Salut les Nambikwara
Tiens, aujourd’hui, un peu d’anthropologie. Ça vous fera les pieds. C’est qu’on vient de tomber sur un petit texte charmant de Lévi-Strauss (1909-2009), où il narre sa rencontre avec la plus authentique douceur sensuelle au fin fond de la pampa sauvage. La scène se passe chez les Nambikwara, dans le nord du Mato Grosso, au milieu des années 30.
«Le visiteur qui, pour la première fois, campe dans la brousse avec les Indiens, se sent pris d’angoisse et de pitié devant le spectacle de cette humanité si totalement démunie; écrasée, semble-t-il, contre le sol d’une terre hostile par quelque impalpable cataclysme; nue, grelottante auprès des feux vacillants.

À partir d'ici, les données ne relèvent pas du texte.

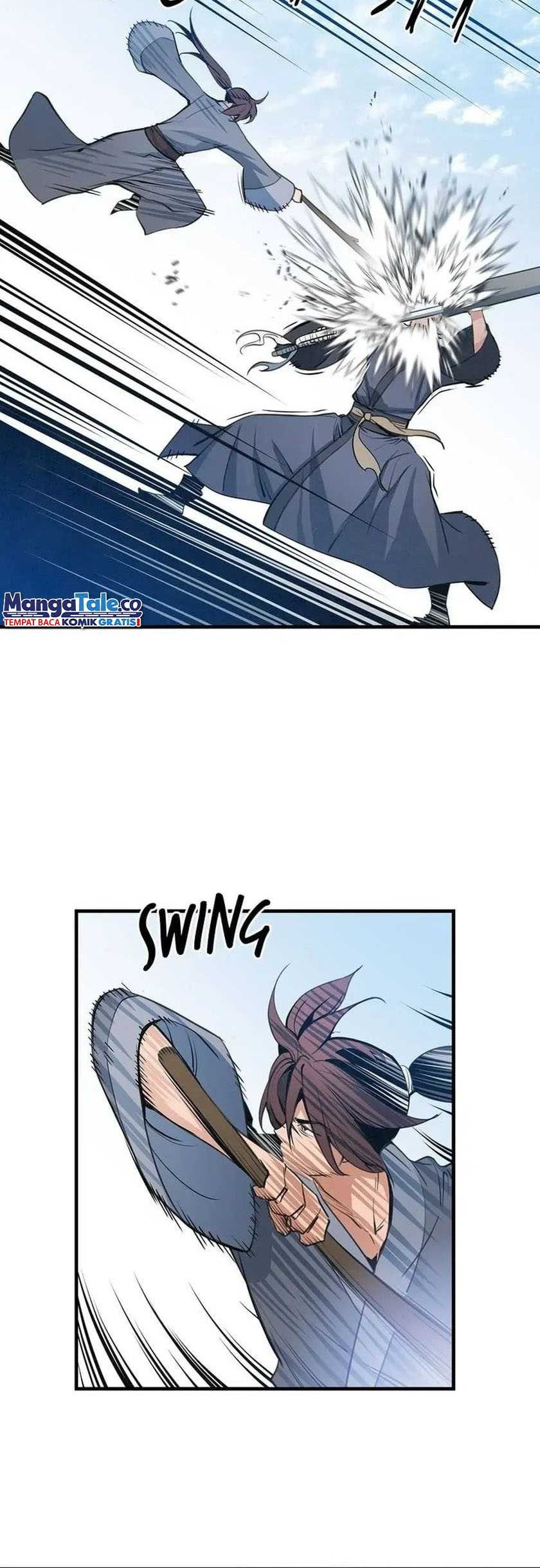 High and Mighty Chapter 37 Gambar 25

Il circule à tâtons parmi les broussailles, évitant de heurter une main, un bras, un torse, dont on devine les chauds reflets à la lueur des feux. Mais cette misère est animée de chuchotements et de rires. Les couples s’étreignent comme dans la nostalgie d’une unité perdue; les caresses ne s’interrompent pas au passage de l’étranger. On devine chez tous une immense gentillesse, une profonde insouciance, une naïve et charmante satisfaction animale, et, rassemblant ces sentiments divers, quelque chose comme l’expression la plus émouvante et la plus véridique de la tendresse humaine.»
Entre deux câlins et trois papouilles, il n’est pas impossible d’imaginer que ces indiens-là se restaurent avec la même gourmandise ingénue. Tiens, on leur proposerait bien notre salade de céleri branche au gingembre, pignons rôtis et copeaux de pecorino. Une salade d’hiver acidulée et spirituelle, dont voilà la savante ingénierie:
Rincez puis pelez grosso modo les branches de céleri à l’économe. Détaillez en petites virgules.
Rôtissez les pignons à la poêle sans matière grasse. Laissez refroidir.
Pelez et émincez mini un bout de gingembre frais. Pressez un citron vert. A l’économe, prélevez quelques copeaux filiformes dans un pécorino bien sec.
Disposez le céleri et le gingembre à plat dans une très belle et large assiette. Oignez avec largesse d’huile d’olive et de jus de citron. Poivrez, salez (parce sur le céleri, le sel rit, warf).
Au moment fatidique, celui de la cène donc, coiffez de pignons et pécorino, puis servez avec «une immense gentillesse et une profonde insouciance». Les convives en seront tout chose.